Task prompt:
When you reach the line with "Antique French Style" in the listing below, write out that line and every one after it exactly, and skip the pictures.

Exercise input:
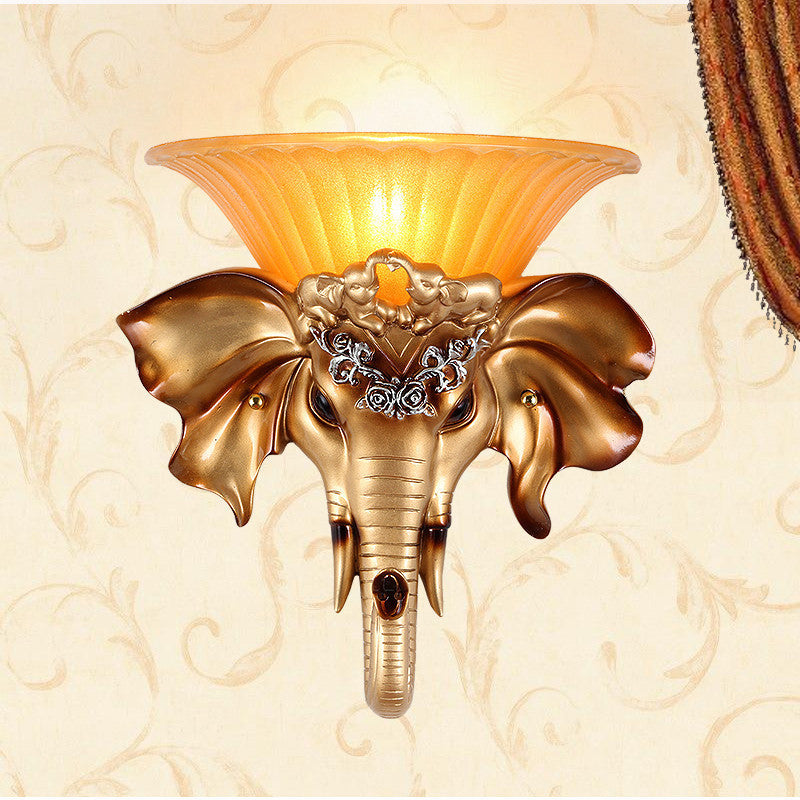 Vintage Flared Wall Mounted Light 1 Light Glass Sconce Light Fixture with Gold Resin Elephant Base Clearhalo 'Wall Lamps & Sconces' 'Wall Lights' Lighting' 228798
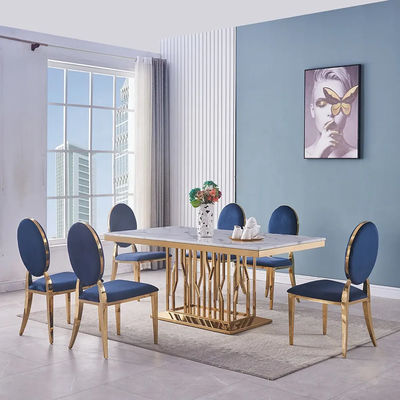comprar Moderno de lujo de acero inoxidable Apartamento de mármol cuadrado mesa de comedor online manufacture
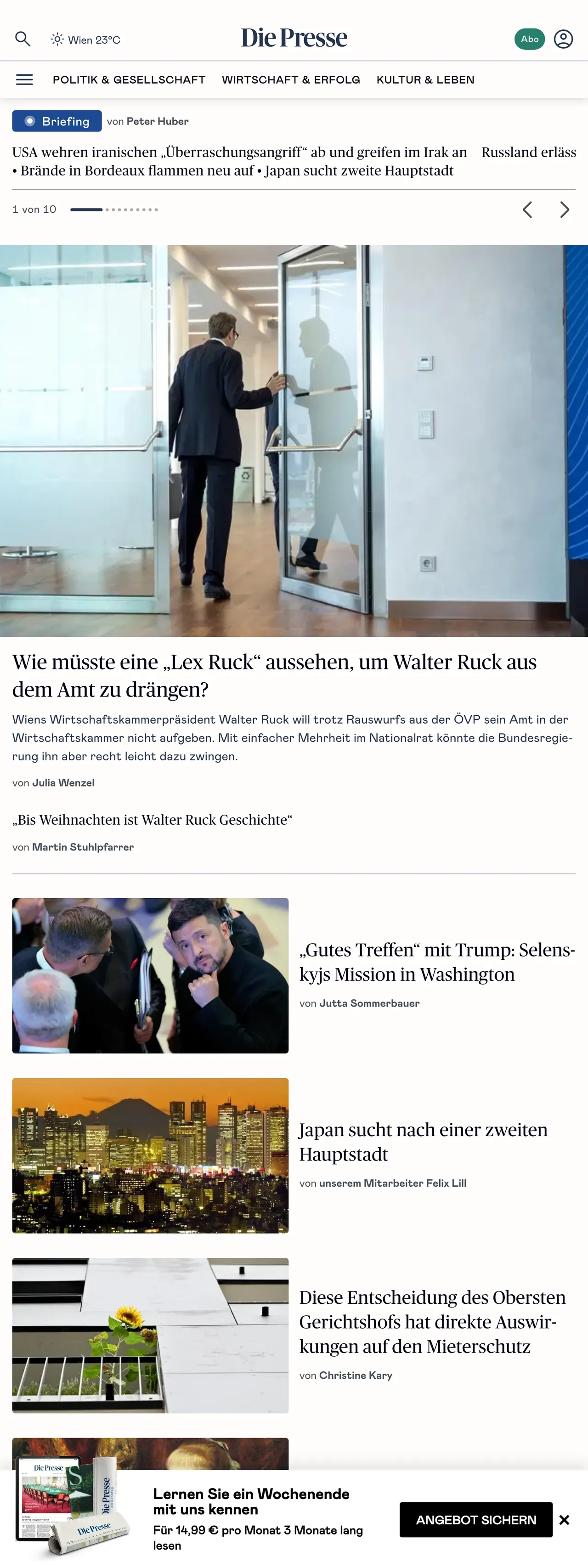 Screenshot of the Die Presse front page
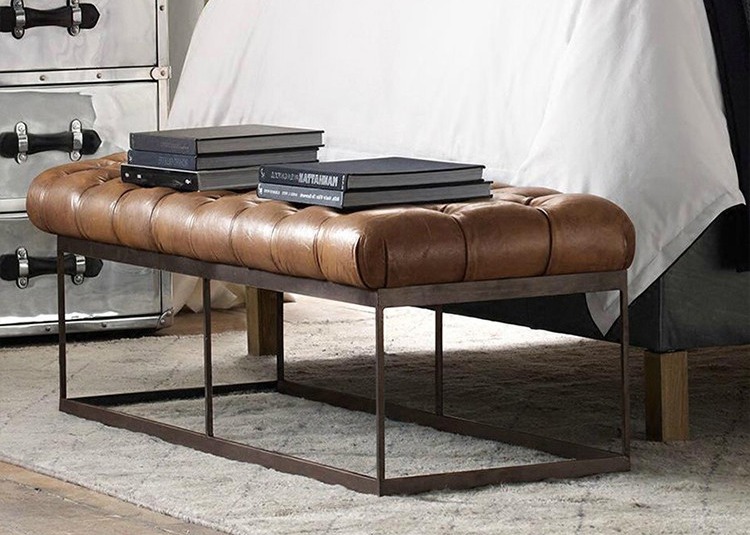 Antique French Style Metal Wood Bench Stool For Home Living Room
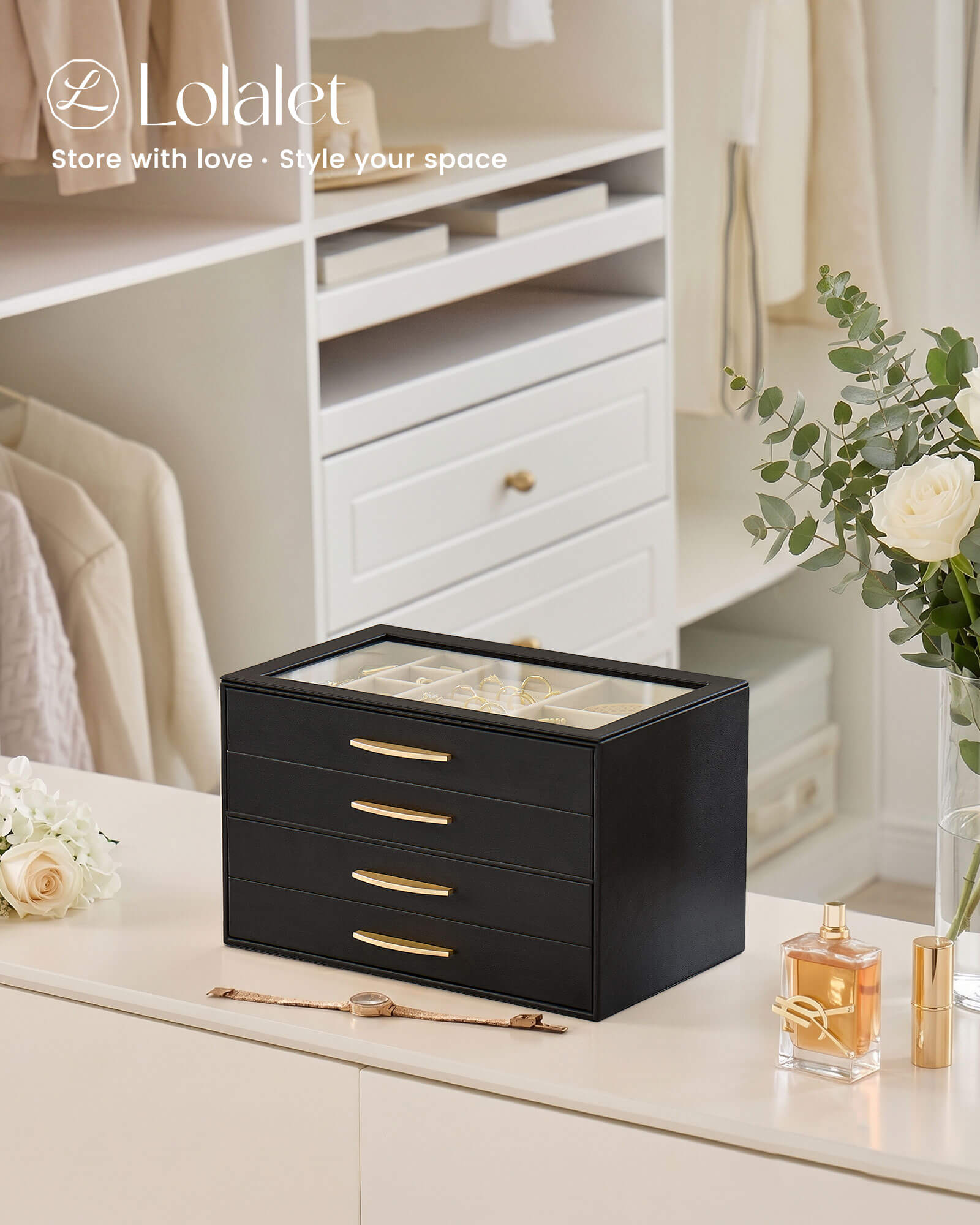Lolalet Jewelry Box Schmuckkasten 4-lagig Schwarz Glasdeckel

Your solution:
 Antique French Style Metal Wood Bench Stool For Home Living Room
Lolalet Jewelry Box Schmuckkasten 4-lagig Schwarz Glasdeckel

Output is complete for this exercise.